Under IRC Section 708(b)(2)(B), “in the case of a division of a partnership into two or more partnerships, the resulting partnerships (other than any resulting partnership the members of which had an interest of 50 percent or less in the capital and profits of the prior partnership) shall, for purposes of this section, be considered a continuation of the prior partnership.” This rule, when applied to LLCs, means that if an LLC taxed as a partnership divides into two or more resulting LLCs, each new LLC will be considered a continuation of the original LLC if its members held a greater than 50% ownership interest in the original LLC before the division.
Qualifying as a continuation of the original LLC can be highly beneficial because the new LLC(s) inherit the original LLC’s tax attributes. These include:
- Transaction history such as carryover basis and depreciation, built in gains and losses
- Important tax elections such as adjusting basis on transfer of membership interests
- Avoidance of transaction costs that otherwise arise from restructuring in the absence of retention of the original LLC’s tax attributes
Practical Applications for Dividing Multi-Member LLCs
Dividing a multi-member LLC into two or more LLC has several practical applications.
- Isolating asset risks Often an LLC is created as a single purpose entity (SPE) to isolate liability associated with one asset – say, certain rental property, from other commonly held assets. Over time the LLC organized as an SPE may acquire other assets, diluting the benefit of an SPE. Dividing the original LLC into two or more LLCs – each holding a single asset – restores the goal of isolating risk associated with one asset from that associated with other assets.
- Isolating business risks An LLC operating primarily in one line of business may have the opportunity to branch – or may have branched – into a second venture. Dividing the original LLC into two with the new LLC owning the second venture insulates the risks of the new and old lines of business from one another.
- Separating Members In other circumstances it may be the members decide it is desirable for certain members to pursue certain business opportunities separately from other members.

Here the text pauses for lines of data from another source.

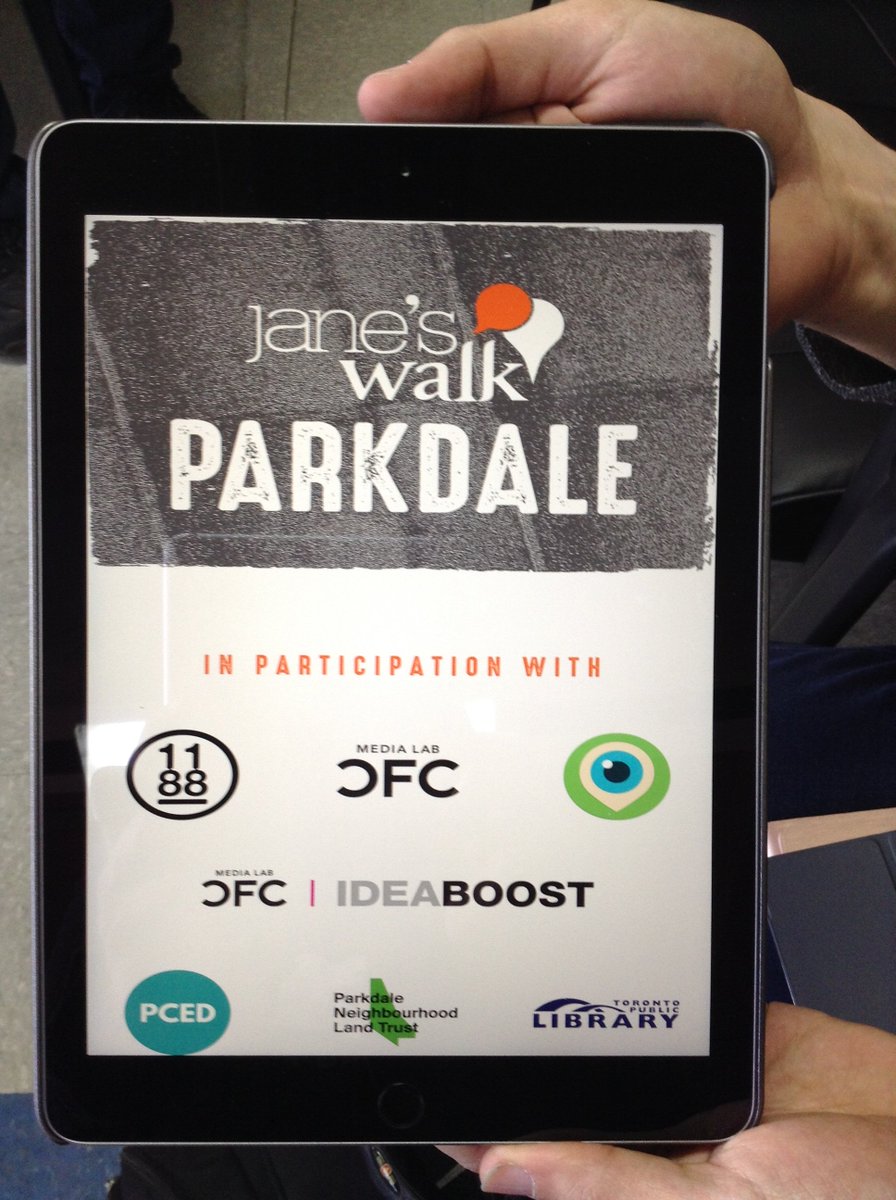 Ready to start our <a href="/janeswalk/">Jane's Walk Global</a> in #Parkdale with <a href="/parkdaleland/">PNLT</a>, PCED, <a href="/weare1188/">weare1188</a>, #IDEABOOST, <a href="/cfcmedialab/">CFC Media Lab</a>, L.A.R.G.E, and <a href="/torontolibrary/">Toronto Public Library</a>.
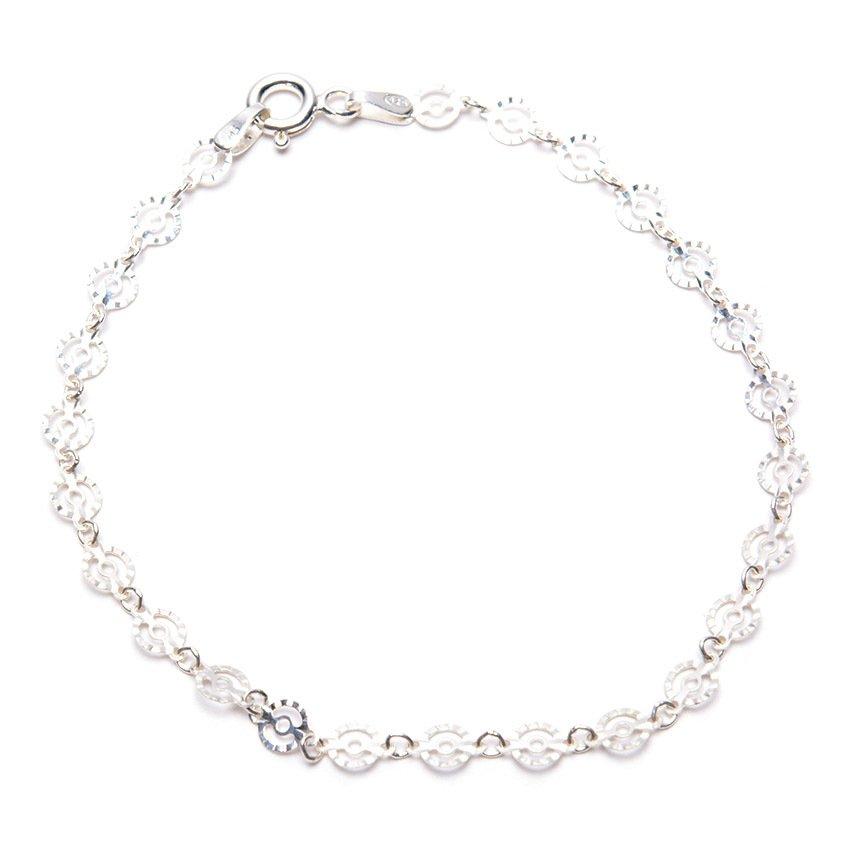 Circle Design with Diamond Cut 925 Sterling Silver Bracelet Philippines | Silverworks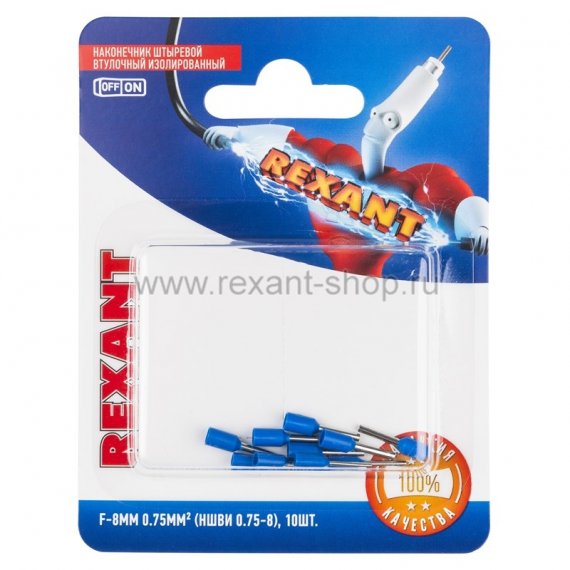 Фотография товара 'Rexant НАКОНЕЧНИК ШТЫРЕВОЙ ВТУЛОЧНЫЙ изолированный F-8мм 06-0404-A'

Example Scenarios of LLC Division Treatment
The primary quirk when dividing an LLC i under Section 708(b)(2)(B), is that any new LLCs resulting from the division (including the original LLC) will be treated as a continuation of the original LLC only if the members of that resulting LLC had a greater than 50% ownership interest in the original LLC. Consider these two examples.
Example 1: Suppose A, B, C, and D are members of Original LLC, holding 30%, 30%, 25%, and 15% membership interests, respectively. Original LLC divides, with A and B remaining in the original LLC, while C and D become the members of the new LLC with a 60% and 40% interest, respectively. Since C and D held only a 40% interest in Original LLC before the division, the new LLC will not be treated as a continuation of original LLC.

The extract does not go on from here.